The cost of five-year credit-default swaps, which protect a bondholder should the borrower renege, slid to 62 basis points at 10:52 a.m. in Warsaw, the least since September 2008, the month Lehman declared bankruptcy, according to data compiled by Bloomberg. A report last week showed the economy grew at the fastest pace in two years in the first quarter even as the conflict in neighboring Ukraine heightened regional tensions.
“Poland’s economic fundamentals are improving and it’s clear investors differentiate it from other countries in the region,” Jacek Wieclawski, a fixed-income and derivatives trader at Rabobank International in London, said by e-mail yesterday. “Politically, Poland has grown through its decisive and effective policy toward Ukraine. It has become a partner to western European nations.”
With Prime Minister Donald Tusk’s proposal to build a Europe-wide energy union to break Russia’s grip over gas supplies and calls for solidarity toward Ukraine, the country has taken center stage in European Union diplomacy for the first time since joining the bloc a decade ago. Poland has become “something of a sweet spot in terms of political risks, and macro trends and prospects,” Tim Ash, an emerging-market strategist at Standard Bank Plc, wrote in a note on May 16.
The cost of Polish CDS is four basis points above South Korea’s, rated two levels higher at Moody’s Investors Service, and three basis points lower than neighboring euro-member Slovakia, the data show. The extra yield on Poland’s dollar bonds over Treasuries fell one basis point to 100 basis points, after reaching an five-year low last week, JPMorgan Chase & Co. indexes show.
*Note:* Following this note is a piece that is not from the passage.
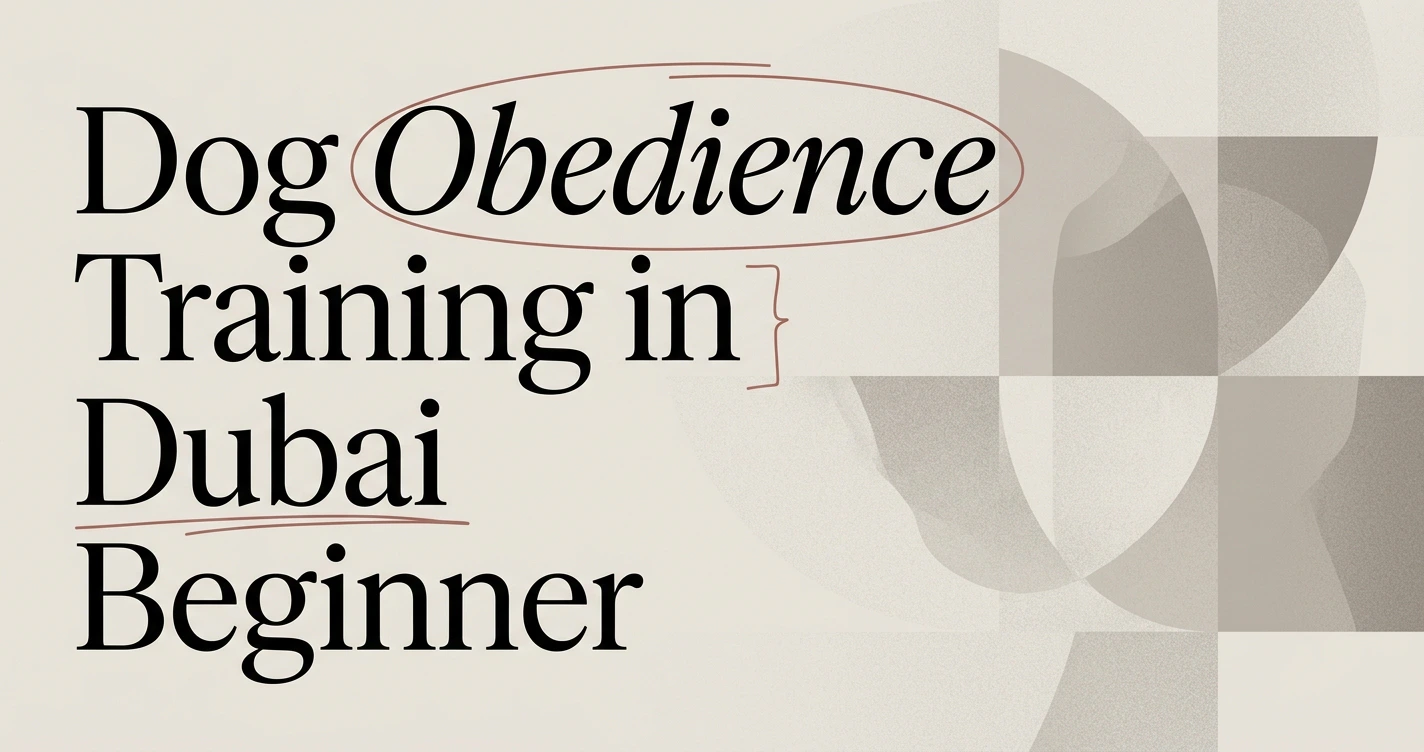 Dog Obedience Training in Dubai: A Beginner’s Guide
Poland’s gross domestic product expanded 3.3 percent in the first three months of 2014 from the same period last year, accelerating for the fourth quarter running, the statistics office said May 15, a day after reporting inflation slowed to 0.3 percent in April. An overhaul of pensions this year reduced public debt relative to GDP as country pushes ahead with fully funding this year’s borrowing needs by the end of July.
“Increasing gross domestic product translates into fewer bond issues and easier debt management,” Jakub Taborowicz, who helps manage 24.5 billion zloty ($7.7 billion) at PZU TFI SA, Poland’s largest mutual fund, said by e-mail yesterday. “While low inflation reduces the risk of the debt losing value.”
The nation’s growth prospects may be hindered by slowing industrial production, which “may disappoint” after being hurt by ailing coal production and weaker trade with Russia and Ukraine, economists at ING Groep NV’s Polish unit, led by Rafal Benecki, wrote in a note yesterday.
Yields on Poland’s 10-year government bonds rose four basis points 3.84 percent, extending the spread over similar German bonds to 250 basis points. The zloty slipped less than 0.1 percent to 4.1906 against the euro at 10:51 a.m. in Warsaw, increasing this quarter’s loss to 0.6 percent.
Russia is being pulled into a new Cold War with the U.S. and its allies, who are using economic warfare reminiscent of the Soviet Union under Leonid Brezhnev, Russian Prime Minister Dmitry Medvedev said yesterday in an interview with Bloomberg Television. Russia has prepared a raft of retaliatory steps in response to potentially wider sanctions imposed by the U.S. and the European Union, Medvedev said.
Tusk is showing “strong leadership” and Poland has played a “central role” responding to the conflict in Ukraine, NATO Secretary General Anders Fogh Rasmussen said May 8.
“Poland’s recent initiatives to resolve the Ukraine crisis has won it friends and a place in the EU premier league of decision-making countries,” Standard Bank’s Ash said.